What’s your perspective on life? On God… or gods? On faith—everyone has faith in something? On being human? A man? A woman? A child? On being married? On being single? On the stewardship of your time, talents, and treasure? On raising children? On your vocation? On being a mom? A dad? A friend? Brother? Sister? On community? On helping the less-fortunate? On protecting, or not, the unborn? On death—that nasty inevitability we can so thoroughly deny?

It’s very easy… sort of… to create a house-of-cards life in order to ignore the details of what our perspective really is on all of life. And what’s the price of ignoring this most basic call to know ourselves much better than we do… each day? Good heavens!  It’s like a bunch of Sea Gulls plastered across the backside of a cow whenever life blows you or me away, dear friends! It’s no way for an Image Bearer of God to live. Living at the behest of life’s circumstantial winds, whims, and whimsy’s is not only a very bad course, but it will eventually drive human being mad. Ergo, if you’re not convinced, grab a glimpse of the network news, and tell me we’re doing just F.I.N.E.

Take flight today!  Get to know yourself and upon what belief system, what worldview, what core values, what origins, eschatology, and every day purpose your perspective is built upon.  It will make all the difference in the universe.

Living an intentional life is all about making the invisible visible, and thereby actionable. But this truism is countercultural in many ways… Not the least of which is that it’s hard work, involves a faith in God, lots of tears many times, and an unvarnished commitment to community.

Please, please spend the time you and the ones around you deserve to more DEEPLY and THOROUGHLY consider your perspective about the deeply important things of life; the winds of change in your life; as well as the culture, community that you live your life as an active participant of… “Today…” (Psalm 95:7-8).

Thank you for your interest and investment in The Training Table.
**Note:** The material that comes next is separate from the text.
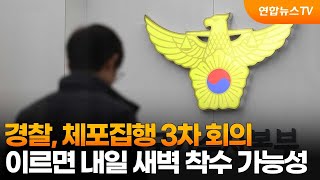 경찰, 체포집행 3차 회의…이르면 내일 새벽 착수 가능성 / 연합뉴스TV (YonhapnewsTV)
Respectfully speaking, I hope the content acts as a catalyst to continually challenge you to come to terms with your faith, your existing philosophical, personal and / or business presuppositions as means of remembering, revitalizing, rejoining, and renewing in your life… as you run the Godly, good, and generous… race!

All of this is devoted to fulfilling the vision of Feast of the Heart, “Feast of the Heart exists to help bring about Christ-centered reformation, revival, and constructive revolution so that God will be glorified and people blessed.”

Blessing to you and yours, JohnDoz

2 comments on “A Perspective on Perspective
  1. Mike Caito says:

    This is good John. Love the visual of the “cow-smeared gull.”

    Paralyzed (if just momentarily). “Living at the behest of life’s circumstantial winds…”

    Here’s my takeaway: “it’s not until times of greatest prosperity and/or privation that our perspective of life is tested—and either found wanting or sufficient for the test.”

    We don’t usually think of times of prosperity as a ‘testing’ time…

  2. JohnDoz says:

    Thanks very much, Brother Michael! “Paralyzed”… you? If so (let’s have a cup… but…), hang in and get those “faith roots” sunk even deeper into your relationship with Christ and a community of fruitful folk–whose roots are being kept healthy! “Circumstantial winds” are indeed way gusty and getting stronger these daze as we live in a vortex of increasing secularism and emotional ambivalence all around.

    Reminds me of times while living in Aspen when “wind micro-bursts” would come up out of nowhere and leave mountainsides of shallow-rooted GROVES of Aspen trees like so many pick-up sticks! Shallow roots don’t bear up well in the wind. That explains “oaks of righteousness” rather than “Aspens of righteousness”, right?

    Yessir, prosperity–and our stewardship of God’s manifold blessings–is surely a test (a revealer, a proof, a refiner…) of faith too!